GerAlt-Right. Ciriously.
Very small gains over the 3900x for over $250 more...



It's also worse in productivity programs. I guess if gaming and only gaming is what you plan to use it for and want the best no matter the cost, it's the way to go.

10900X also need more expensive motherboard and ram.
It can be overclocked though, which should then beat 3900X easily in games.
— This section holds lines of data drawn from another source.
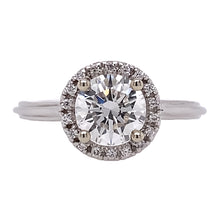 Round Halo Engagement Ring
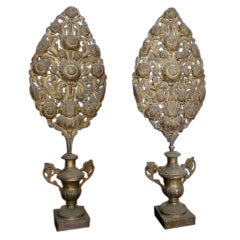 Pair of Tole Firescreens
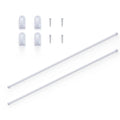 White 26" - 48" Adjustable Door Curtain Rods N525641
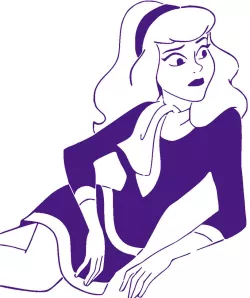Daphne Blake stencil 2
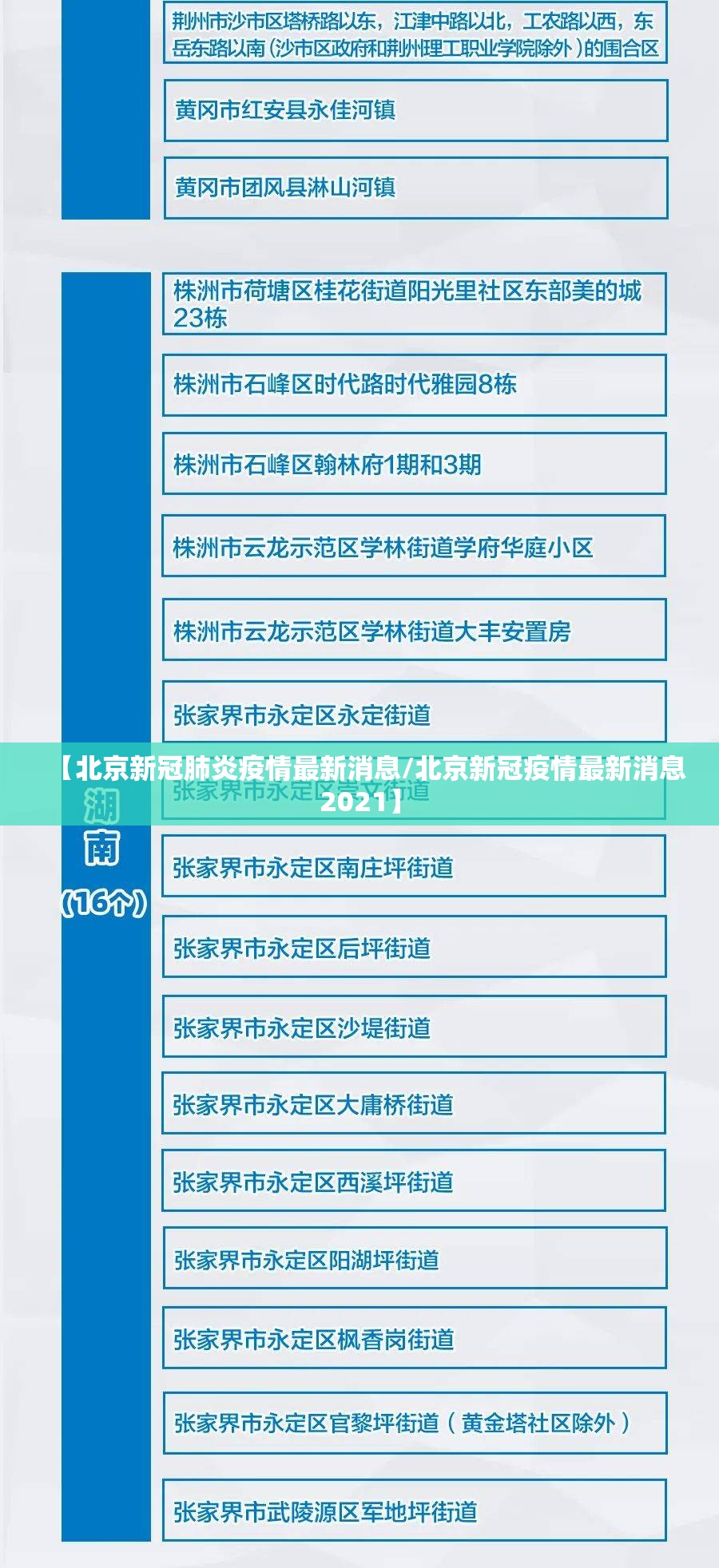 【北京新冠肺炎疫情最新消息/北京新冠疫情最新消息2021】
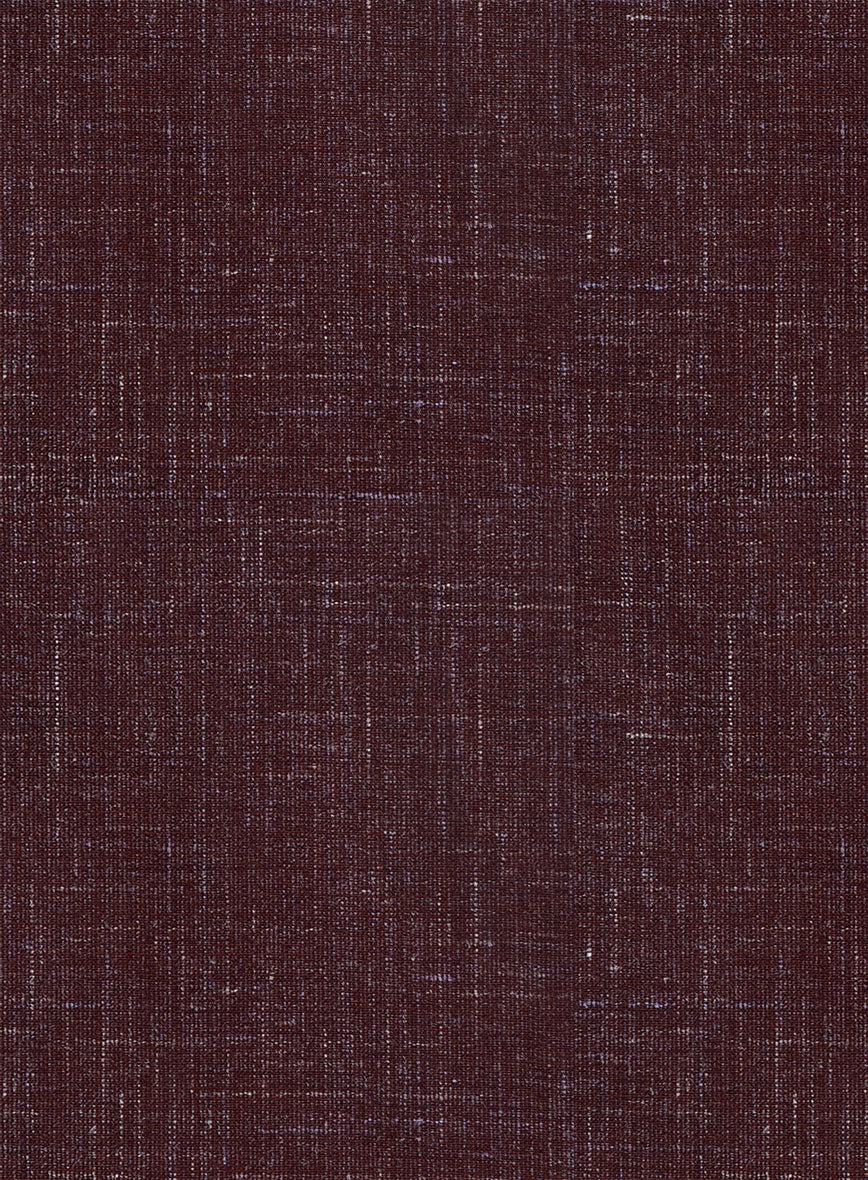 Italian Murano Maroon Wool Linen Jacket - Image 3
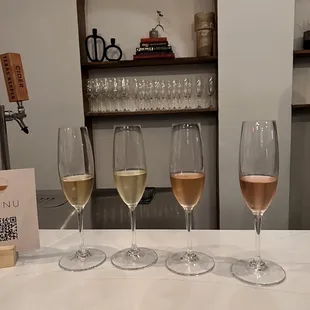 Sparkling wine flight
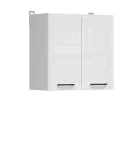 Wall cabinet JUNONA LINE G2D/60/57 BRW chalk gloss order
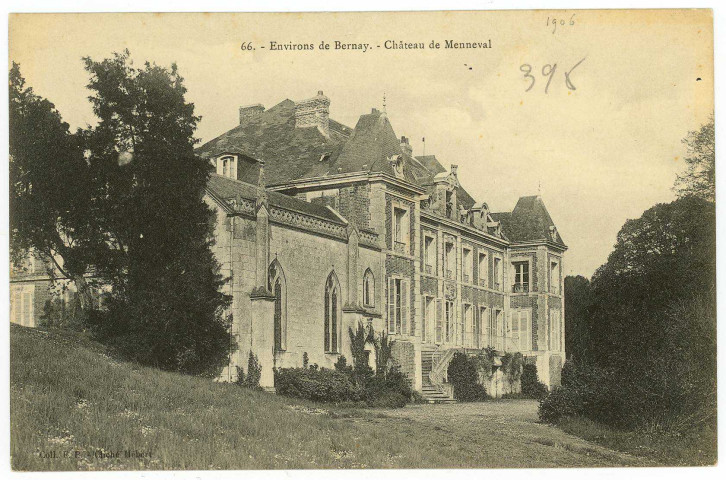 Menneval. Environs de Bernay. - Château de Menneval.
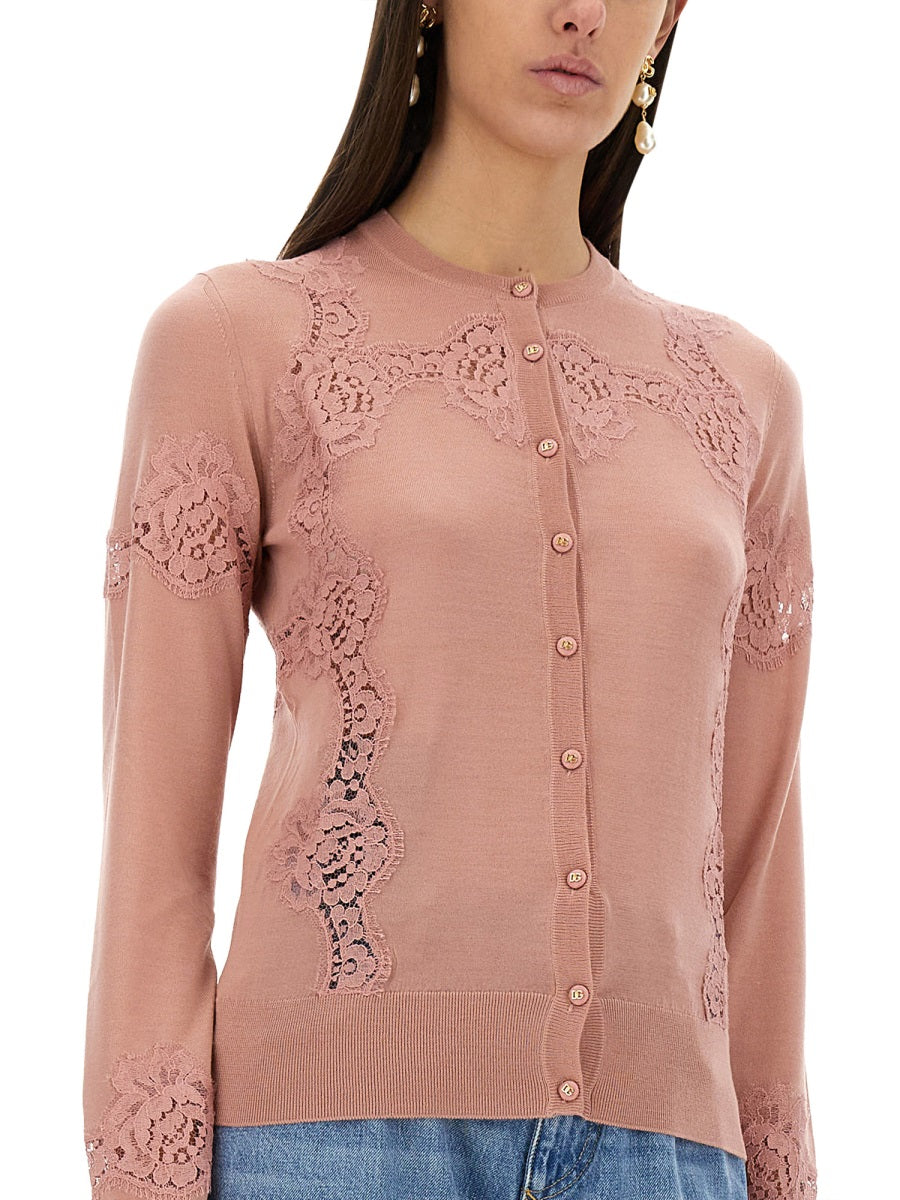 CASHMERE AND SILK CARDIGAN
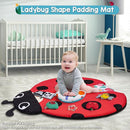 Jyusmile Baby Play Gym Mat, 8-in-1 Tummy Time Mat with 6 Toys, Washable Baby Activity Mat for Visual, Hearing, Sensory, Motor Development, Baby Essentials Gift for Newborn Infant 0-3-6-9-12 Months by TinyTreasures Baby Boutique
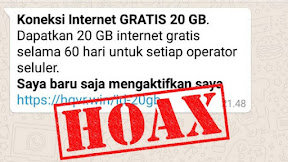 Terungkap Pesan Internet Gratis 20gb Setiap Operator di WhatsApp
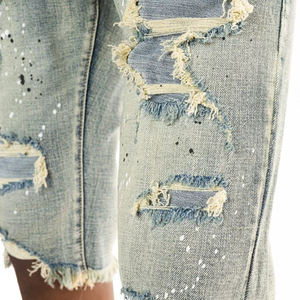 Shorts en jean pour hommes, design 2023, dernières tendances, OEM, best-seller, camouflage, décontractés, uni, matière solide. - Product Image 6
However next gen is Series X level, and 3900X kicks the cpu inside it. 3900X is perfectly fine for games!
I doubt 6-core Zen3 can beat 3900X for next gen games
Re-read Leonidas post, he was referring to the 10900K, not the 10900X. Not even Leonidas could shill for the 10900X.
 
Hey Gaf. Long time no see.

In order to alleviate boredom during these strange times, I fell back into an old hobby: PC Building. My PC was over 4yrs old and getting a bit long in the tooth (AMD A8-7670k, R7 260x) so I decided it was time to refresh things. However what started as a new graphics card soon turned into a brand new build.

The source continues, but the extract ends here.